--- Excerpted data ---
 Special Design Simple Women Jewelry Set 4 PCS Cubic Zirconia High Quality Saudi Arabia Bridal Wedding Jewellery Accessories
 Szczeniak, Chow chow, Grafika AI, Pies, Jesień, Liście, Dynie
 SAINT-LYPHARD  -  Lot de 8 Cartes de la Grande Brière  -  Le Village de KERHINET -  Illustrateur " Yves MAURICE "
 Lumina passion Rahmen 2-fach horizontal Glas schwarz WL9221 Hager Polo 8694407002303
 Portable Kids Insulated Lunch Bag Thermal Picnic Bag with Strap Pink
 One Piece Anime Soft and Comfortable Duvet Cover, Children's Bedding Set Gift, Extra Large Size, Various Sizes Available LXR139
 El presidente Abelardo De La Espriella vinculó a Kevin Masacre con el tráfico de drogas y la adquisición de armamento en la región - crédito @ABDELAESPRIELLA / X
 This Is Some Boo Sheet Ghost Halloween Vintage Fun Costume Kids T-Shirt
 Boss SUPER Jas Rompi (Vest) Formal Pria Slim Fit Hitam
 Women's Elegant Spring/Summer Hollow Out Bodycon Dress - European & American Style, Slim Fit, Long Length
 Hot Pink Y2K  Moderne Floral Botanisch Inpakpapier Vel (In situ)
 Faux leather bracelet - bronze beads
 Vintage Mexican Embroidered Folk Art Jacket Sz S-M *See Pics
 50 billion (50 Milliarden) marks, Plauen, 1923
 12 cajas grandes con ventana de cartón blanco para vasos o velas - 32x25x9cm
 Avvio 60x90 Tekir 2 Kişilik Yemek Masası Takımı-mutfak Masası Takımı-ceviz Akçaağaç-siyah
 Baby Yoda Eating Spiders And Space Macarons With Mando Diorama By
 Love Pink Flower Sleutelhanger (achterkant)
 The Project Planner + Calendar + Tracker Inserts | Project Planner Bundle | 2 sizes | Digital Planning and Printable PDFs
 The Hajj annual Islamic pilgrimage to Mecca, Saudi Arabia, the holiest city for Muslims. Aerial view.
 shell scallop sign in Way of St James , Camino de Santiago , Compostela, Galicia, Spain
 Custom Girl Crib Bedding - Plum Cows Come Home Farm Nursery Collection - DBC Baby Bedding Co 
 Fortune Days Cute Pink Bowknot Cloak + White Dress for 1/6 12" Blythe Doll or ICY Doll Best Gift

--- About this exercise ---
What you return should be the lines from the start of the data through the line with "The Project Planner", quoted exactly and nothing more.

--- Your response ---
 Special Design Simple Women Jewelry Set 4 PCS Cubic Zirconia High Quality Saudi Arabia Bridal Wedding Jewellery Accessories
 Szczeniak, Chow chow, Grafika AI, Pies, Jesień, Liście, Dynie
 SAINT-LYPHARD  -  Lot de 8 Cartes de la Grande Brière  -  Le Village de KERHINET -  Illustrateur " Yves MAURICE "
 Lumina passion Rahmen 2-fach horizontal Glas schwarz WL9221 Hager Polo 8694407002303
 Portable Kids Insulated Lunch Bag Thermal Picnic Bag with Strap Pink
 One Piece Anime Soft and Comfortable Duvet Cover, Children's Bedding Set Gift, Extra Large Size, Various Sizes Available LXR139
 El presidente Abelardo De La Espriella vinculó a Kevin Masacre con el tráfico de drogas y la adquisición de armamento en la región - crédito @ABDELAESPRIELLA / X
 This Is Some Boo Sheet Ghost Halloween Vintage Fun Costume Kids T-Shirt
 Boss SUPER Jas Rompi (Vest) Formal Pria Slim Fit Hitam
 Women's Elegant Spring/Summer Hollow Out Bodycon Dress - European & American Style, Slim Fit, Long Length
 Hot Pink Y2K  Moderne Floral Botanisch Inpakpapier Vel (In situ)
 Faux leather bracelet - bronze beads
 Vintage Mexican Embroidered Folk Art Jacket Sz S-M *See Pics
 50 billion (50 Milliarden) marks, Plauen, 1923
 12 cajas grandes con ventana de cartón blanco para vasos o velas - 32x25x9cm
 Avvio 60x90 Tekir 2 Kişilik Yemek Masası Takımı-mutfak Masası Takımı-ceviz Akçaağaç-siyah
 Baby Yoda Eating Spiders And Space Macarons With Mando Diorama By
 Love Pink Flower Sleutelhanger (achterkant)
 The Project Planner + Calendar + Tracker Inserts | Project Planner Bundle | 2 sizes | Digital Planning and Printable PDFs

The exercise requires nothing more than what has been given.